Jean raked her fingers through his hair, smoothing down the errant strands while mussing new ones. "I love you more."

Cupping Jean's face in his hands, Lucien shook his head. "Impossible." And he tried to prove it with a kiss.

By the time Danny and Charlie clambered out of Lucien's car with their overnight bags and Christmas parcels, the clock in the dining room had struck 6:30 fifteen minutes ago. Judging by the cars lined in the drive, Matthew, Alice, and Rose had arrived promptly, so there would be no one to support their tardiness.

"Finally!" Matthew called from the living room. "Thought you'd stumbled upon a body."

Lucien rolled his eyes and gestured for the boys to walk ahead of him down the hall.

"I swear, Auntie Jean, if we hadn't had to wait for Charlie's cookies to pop out of the oven, we'd have been on time."

"Oi! At least I contribute."

Had Lucien lagged further behind, he would have noticed the sudden hush that fell over the room full of friends. Instead, he stumbled into Charlie's back, jostling the plate of gingerbread cookies. Before he could ask what on earth he was doing, Lucien saw her.

Mattie sat her rightful place on the couch, next to Jean, with a green knit cap on her head and mischief in her eyes. "Merry Christmas, boys."

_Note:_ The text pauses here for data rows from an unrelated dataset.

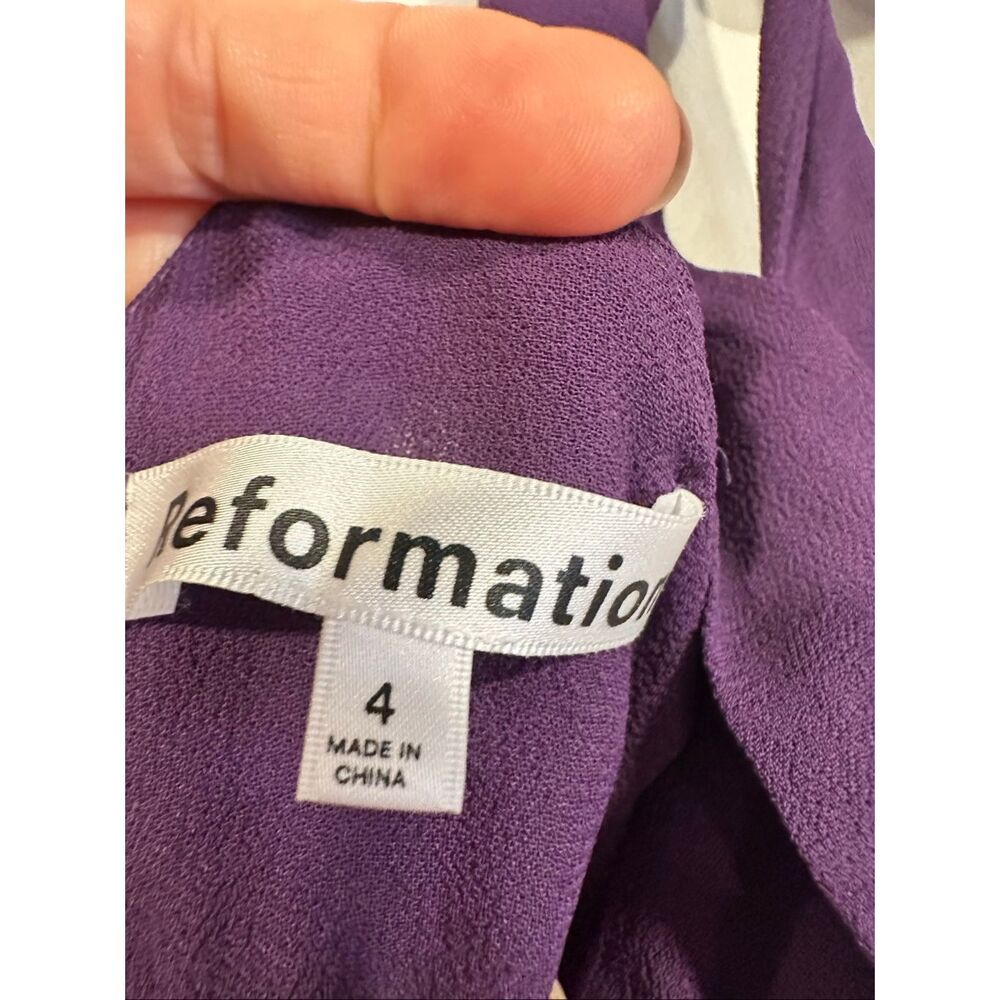 Reformation Deep Purple Twilight Dress, size 4 - Picture 4 of 9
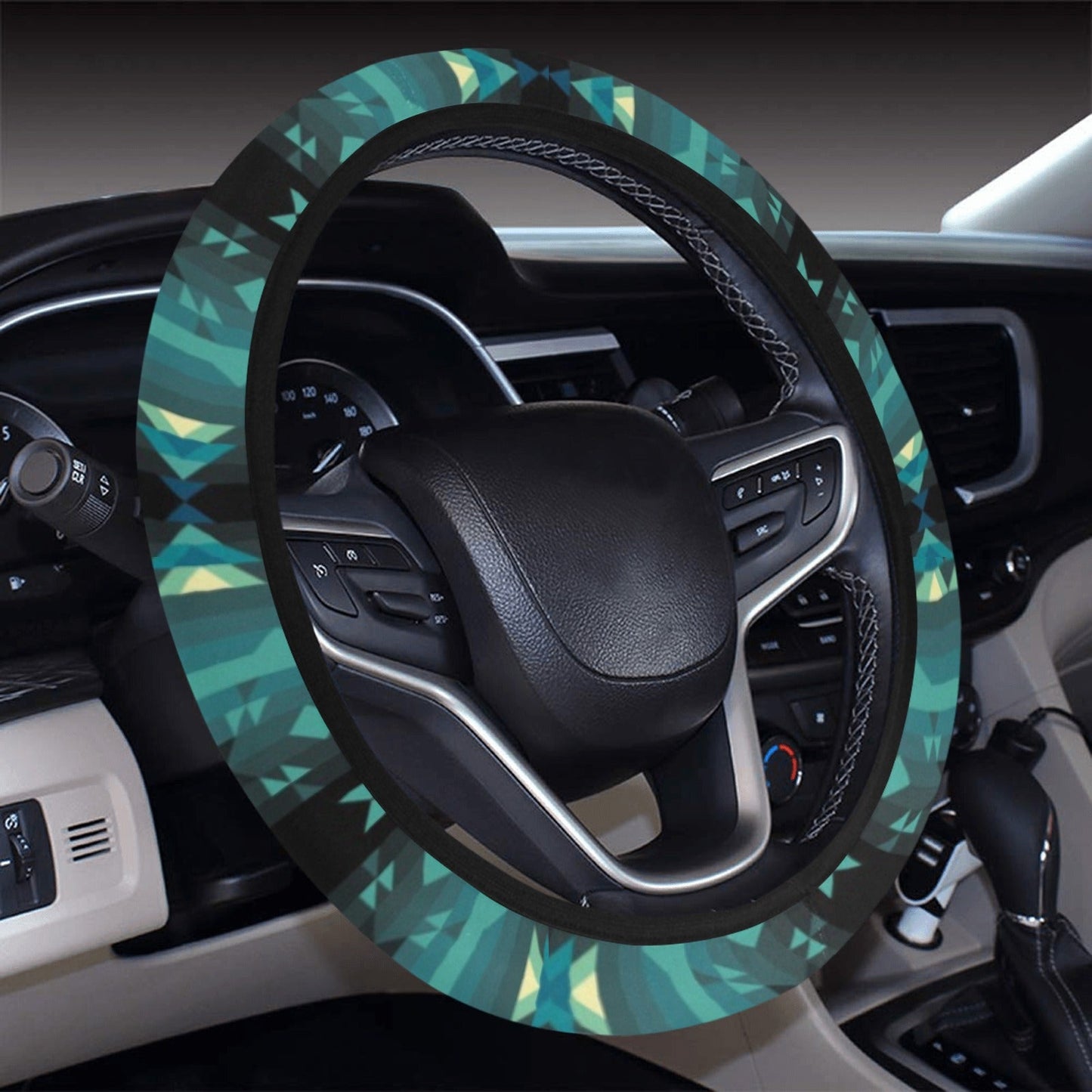 Inspire Green Steering Wheel Cover with Elastic Edge Steering Wheel Cover with Elastic Edge e-joyer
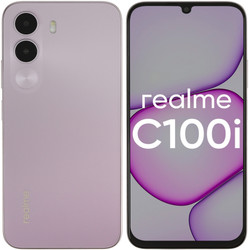 realme 6.8" Смартфон realme C100i 128 ГБ фиолетовый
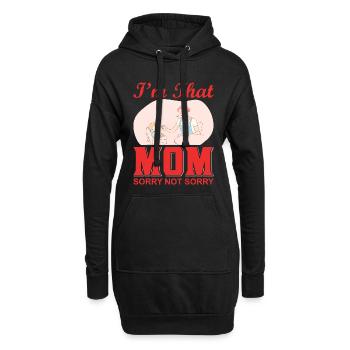 Je suis cette maman, désolée, pas désolée, chemise drôle. - Sweat-shirt à capuche long Femme - noir - Devant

Danny and Charlie, who didn't have as many dots to connect, had the luxury of movement. While they crushed Mattie in hugs and she laughed at her success, Lucien gaped at his wife. He'd never seen her so pleased with herself, certainly not in the last month. All the clinking needles and sharp remarks and suddenly abandoned conversations simply confirmed that Jean was horrid at keeping secrets.

"Did I cross the ocean to be ignored like this, Lucien?"

With tears blurring his vision, Lucien rounded the couch, scooped Mattie up, and spun her around. "Oh, how I've missed you. What a wonderful surprise."

When her feet touched the ground, Mattie pulled back and rested her hands on Lucien's shoulders. "Jean orchestrated the entire thing. All I had to do was get on a boat and wait for Dr. Harvey to pick me up."

"Who would have thought getting you out of the house would be the hardest part?" Alice asked.

Lucien turned to Jean, who stood next to the tree with her hands clasped under her chin. "What was that you accused me of fearing? A conspiracy of women?"

Alice snorted into her cup of hot cocoa, and Rose laughed outright.

Crossing her arms over her chest, Jean moseyed to Mattie's side. "Still afraid, Lucien?"

No, he thought. I don't think I'll ever be again.

As thrilled as he was to see Mattie, he once again found himself drawn to his wife, his thoughtful, loving partner. She had given him everything he'd ever hoped for, but somehow, she still found ways to give him more. "It's more like a healthy respect, my love." In his peripheral vision, he saw Rose, Danny, and Charlie loitering near the dining room. Clapping his hands together, he announced, "I think it's high time we dig into whatever smells so delicious."

A chorus of here heres filled the room. As everyone filed out of the living room, Lucien caught the sleeve on Jean's exquisitely red blouse. "I knew you were up to something," he whispered, taking both her hands in his.

The gleam in Jean's eyes had nothing to do with the tree lights. "Couldn't solve the case, could you, Doctor?"

"Against such a clever culprit, I didn't stand a chance." Lucien leaned down to bump his nose against Jean's. "Thank you, Jean."

Running her hands up and down Lucien's arms, Jean kissed the corner of his mouth. "Merry Christmas, Lucien."